Zu Beginn sitzt Sandra Hüller auf der rechten Seite der Bühne und lauscht einem alten Radio. Sie fällt dabei immer wieder in sich zusammen. Choreografisch bindet sich die Abfolge ihrer Bewegungen in das Gesamtwerk ein, was sich aus Leuchtreklame, klassischer Klaviermusik und den Geräuschen der Pflanzen, die Christoph Müller auf der linken Seite der Bühne durch einen elektrischen Schaltkreis zum Sprechen bringt, zusammensetzt. Verbunden sind die beiden Szenarien durch einen Weg aus Schutt, Erde und Schrott.

       
Sandra Hüller hält wenig später einen Monolog über das, was unsere Welt regiert: Schwerter, Stöcke, Speere, lange, harte Dinge, mit denen gestochen, gehauen und getötet wird. Unsere Kultur sei von den Menschen gemacht worden, die solche langen, harten Dinge haben, um mit ihnen stechen und töten zu können.
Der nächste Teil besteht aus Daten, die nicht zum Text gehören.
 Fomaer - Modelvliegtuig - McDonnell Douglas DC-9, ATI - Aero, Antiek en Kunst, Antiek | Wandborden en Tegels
Dabei stellt sie die durchaus berechtigten Fragen in den Raum, warum lange harte Dinger als spannender und wichtiger propagiert werden als das nützliche Ding, in das man andere Dinge reintun kann? Warum wird nicht viel mehr über das Behältnis gesprochen, welches zudem auch schon eher da war? Wieso liegt der Fokus in der Kultur und im Erzählen von Geschichten meistens auf langen, harten Dingen?        
Und wieso wird nach der Repräsentation der Problematik nichts darangesetzt, eine Gegenerzählung vielleicht sogar jenseits der Dichotomie männlich/ weiblich zu präsentieren?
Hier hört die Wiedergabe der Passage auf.